Rosedale is a down-home place where patrons collect their order at the counter, take their food to one of the tables or booths and dig in. Rosedale has never felt the need to offer trendy items on the menu. They have just stuck to the traditional barbecue fare, thus maintaining a supreme quality in the meats they serve: Brisket, ham, pork and turkey as well as the ever popular ribs and chicken. Loyal to the restaurants inception, they still offer some of the best hot dogs in town. Today you can even top the hot dogs with barbecue style chili. Yummy! The side orders include barbecued baked beans, cole slaw, potato salad, onion rings, jalapeno poppers, corn nuggets, and some of the crispiest golden fries in town. Rosedale's sauce is a spicy, mildly hot family recipe that compliments the meat to perfection. Many restaurants serve a "Smokey" flavored sauce but Mr. Rieke always believed the smoked flavor should be in the meat, not artificially put into the sauce. For the Rosedale experience at office or home, Rosedale also offers catering and event planning for all occasions.
Rosedale has served itinerants just off the trains, news crews, entertainers, businessmen, blue-collar workers, government officials and even a former president. "During the Depression I couldn't get a job, and that was probably the best thing to happen to me.
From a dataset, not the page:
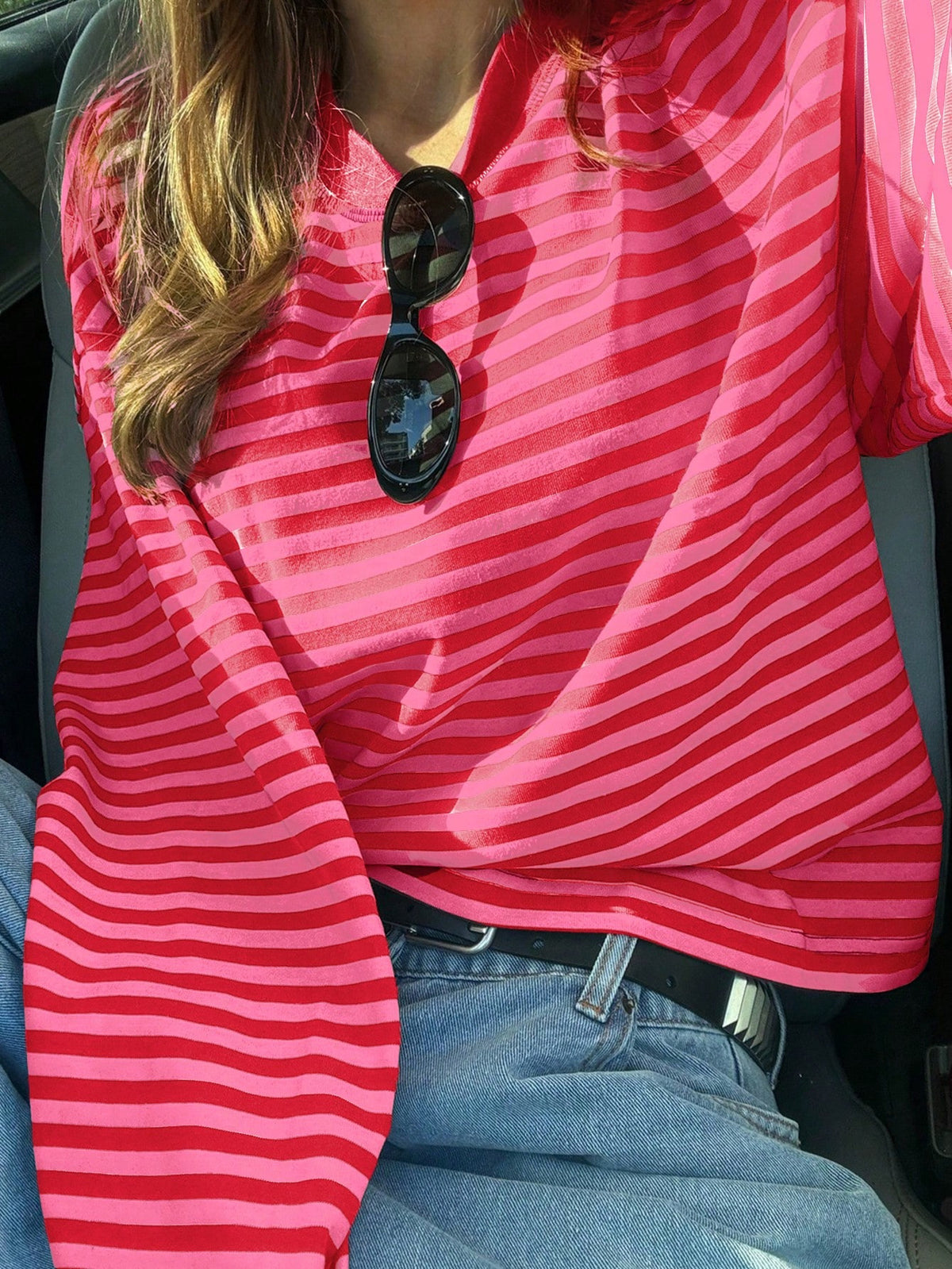 Women's Striped Oversized Crew Neck Long Sleeve Top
If I had …well they probably would have kept me on until I was too old and then laid me off." (Anthony Rieke) He glanced around the restaurant with a slow smile "Then I wouldn't have had anything."
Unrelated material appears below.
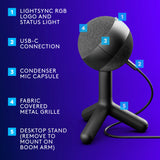 LOGI YETI ORB RGB GAMING MICROPHONE - BLACK 2Y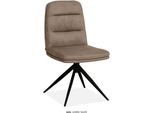 Esszimmerstuhl OMG DESIGN "Giza", taupe, schwarz, taupe, B:48cm H:88cm T:63cm, Polyester, Stühle, Esszimmerstuhl, Drehstuhl mit auto-return, pflegeleichter Bezug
Anthony Rieke worked daily at the restaurant until his death at age 93 in 1997 at which time his wife Alda Rieke, Sieleman's sister, continued to visit daily until her death at age 94 in 2002. Today the family tradition is being carried on by their daughter Janelle Brown, granddaughter Marisha Smith and her husband Bill.
Today, Rosedale Barbecue is Kansas City's oldest major barbecue restaurant continuously owned and operated by the same family. Rosedale Barbecue has been recognized by The New Yorker, Midwest Living, Bon Appetit, Gourmet, Saveur, Chili Pepper, Cowboys & Indians, The Travel Channel, Kansas City Public Television, and many others have written about the Kansas City barbeque institution - Rosedale Barbecue.